Special Warfare insignia
| Bronze Star with "V" device and one 5/16 inch gold star |  |  |  |  |  | Joint Service Commendation Medal |  |  |  |  |  |
| Navy and Marine Corps Commendation Medal with 1 5/16 inch gold star |  |  |  | Navy and Marine Corps Achievement Medal with "V" device and 2 5/16 gold inch stars |  |  |  | Combat Action Ribbon with 2 5/16 gold inch stars |  |  |  |
| Navy Presidential Unit Citation |  |  |  | Navy Meritorious Unit Commendation |  |  |  | Army Meritorious Unit Commendation |  |  |  |
| Navy Good Conduct Medal with 1 silver 3/16 inch star |  |  |  | National Defense Service Medal |  |  |  | Afghanistan Campaign Medal with 2 bronze 3/16 inch stars |  |  |  |
| Iraq Campaign Medal with 1 bronze 3/16 inch star |  |  |  | Inherent Resolve Campaign Medal with 1 bronze 3/16 inch star |  |  |  | Global War on Terrorism Expeditionary Medal |  |  |  |
| Global War on Terrorism Service Medal |  |  |  | Navy and Marine Corps Sea Service Deployment Ribbon with 1 silver and 2 bronze 3/16 inch stars |  |  |  | Overseas Service Ribbon |  |  |  |
| NATO Medal for Afghanistan |  |  |  | Rifle Marksmanship Medal with Expert Device |  |  |  | Pistol Marksmanship Medal with Expert Device |  |  |  |
Navy and Marine Corps Parachutist Badge

Awards source: https://eddiegallagherbook.com/ ; and photos from official prosecution trials.

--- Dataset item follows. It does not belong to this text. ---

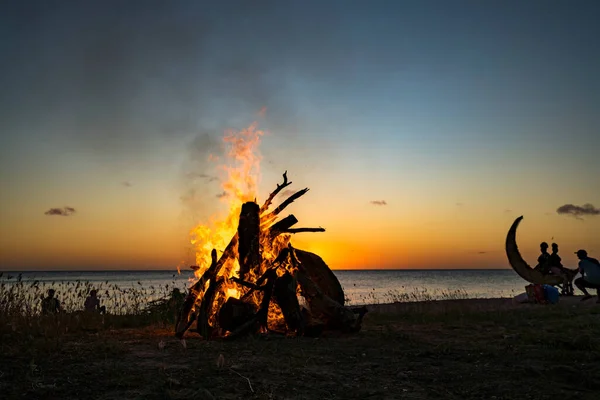 Kampvuur Het Strand Bij Zonsondergang — Stockfoto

==Retirement from the U.S. Navy==
At the end of November 2019, Gallagher retired from the Navy with full honors, pension, and medical benefits.
Following his Navy career, Gallagher began commercial ventures including an action figure,
clothing line and nutritional supplement endorsements.

==Publicity==

=== 60 Minutes ===
In March 2020, David Martin of CBS News interviewed Gallagher, his wife, and his attorney on the CBS program 60 Minutes.

=== YouTube ===

He was interviewed in 2020 by former Navy SEAL and current K9 trainer Mike Ritland on YouTube. Gallagher openly discussed topics including his career, the raid upon his home, pre-trial confinement, legal proceedings, acquittal, retirement, and his life and family.

He was also interviewed in 2020 by former Navy SEAL and former CIA Contractor Shawn Ryan on YouTube. In that episode, (Shawn Ryan Show #008) Chief Gallagher explained in depth how teammates under his command at SEAL Team 7 not only accused him of being a war criminal, but relentlessly tried to send him away to life in prison for the alleged stabbing of an Islamic State fighter in Mosul, Iraq.

=== Book ===
Gallagher and his wife are authors of the book, The Man in the Arena: From Fighting Isis to Fighting for My Freedom published by Ballast Books (2021) ISBN 9781733428002.

=== Television ===
A limited television series adaptation based on the life of Gallagher is in development by Working Title Television and The New York Times with Will Staples to write.

=== The Line podcast ===
In 2021 Gallagher said on the podcast The Line that although he did not stab the ISIS fighter "[the ISIS fighter] was killed by us and that nobody at that time had a problem with it", and that the group performed medical procedures on the prisoner which killed him (including inserting an emergency airway into the ISIS fighter's throat, "just for practice"). Gallagher's attorney during the court-martial, Tim Parlatore, said this was not new information as the prisoner was going to die regardless owing to the injuries sustained and said that Gallagher misspoke as none of the procedures shortened the prisoner's life.